[Xmca-l] Re: Laws of evolution and laws of history

Annalisa Aguilar annalisa@unm.edu
Wed Jan 14 12:39:33 PST 2015


Hi all,

I realize there is an important value of not treating signs and language and tools as identical entities. I suppose my question then has more to do with how these mediations key into perception and embodied experience?

Vygotsky's separation of signs as a cultural indication is not without value, and I don't mean to spoil that distinction. 

Still, what happens when the tool IS a sign, or the sign IS a tool? Consider the computer, for example, how it is both tool and sign. 

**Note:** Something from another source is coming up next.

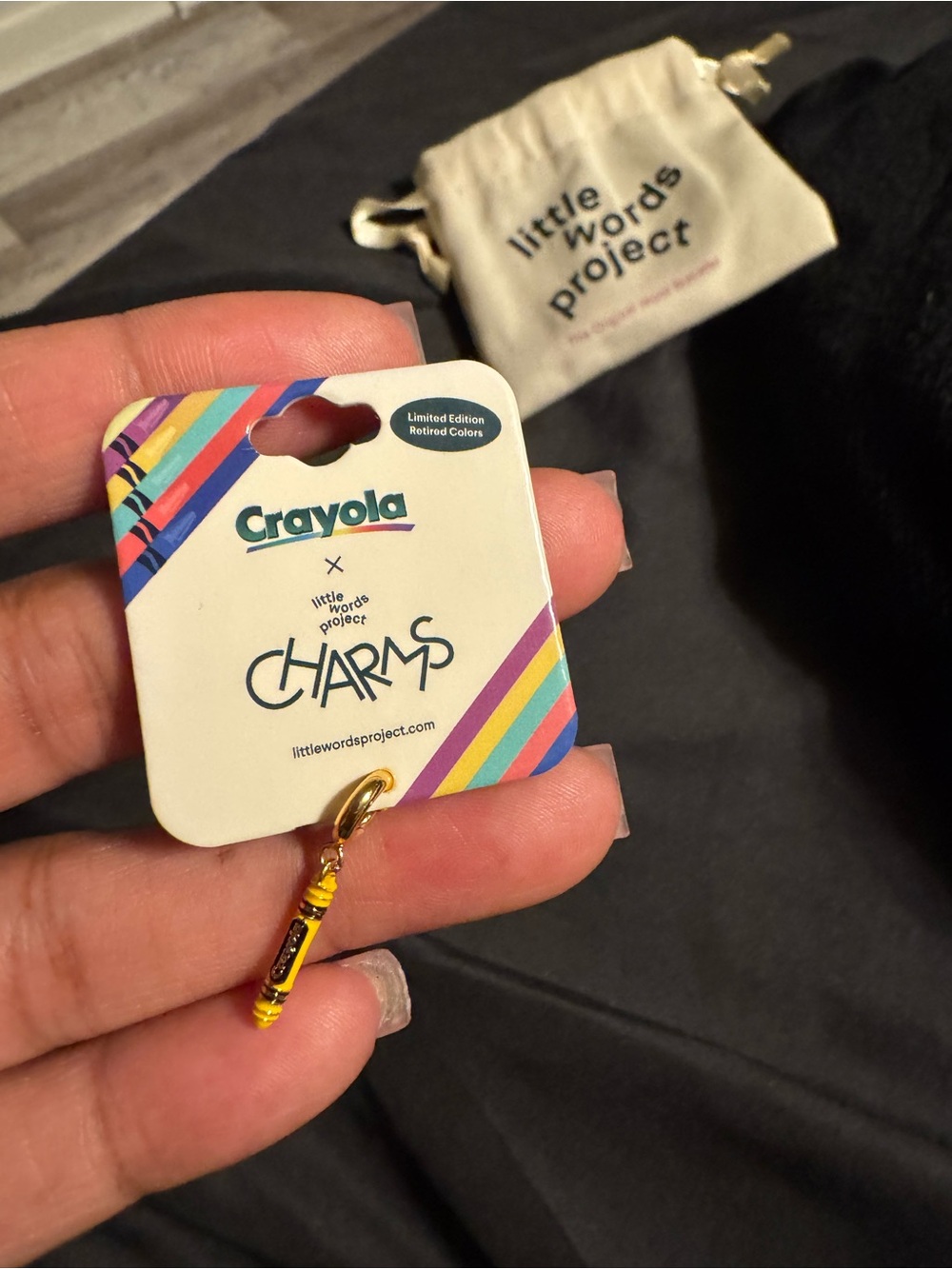 Crayola Dandelion Enamel Crayon Charm with Gold Hardware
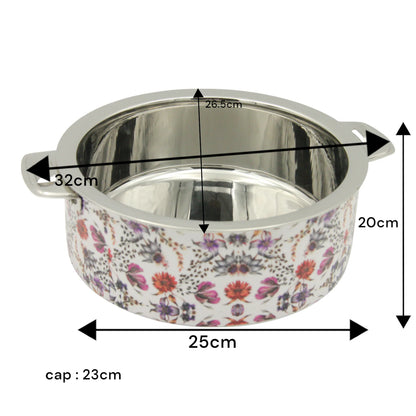 Mayflower Premium Stainless Steel Serving Bowl – Affordable Luxury with Elegant Floral Motif, Made in India - Damoo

Is it not like the red hot iron ball? We can never separate out the fire from the iron and the iron from the fire except when we conceptually understand the attributes of iron and of fire. 

If we do not understand them as conceptually separate, then we can confuse the properties with iron with that of fire and vice versa. But in terms of material, it is impossible to look at the red hot iron ball and materially separate them at that moment in time. To our perception, it may appear that the fire is round and heavy or the iron is red and hot (hence red hot iron ball as represented in our language), but we know that it is iron that gives shape and weight, and fire that gives temperature and color.  

However even if we confuse them, that is a kind of mediation. It may not be an informed one, but it has an apparent reality that is acted upon as such. 

We don't really change our behavior in the hot sunshine knowing that the earth goes round the sun, even if we perceive it the other way around. In fact our perceptions are the means in which we reason to take off our sweaters, right?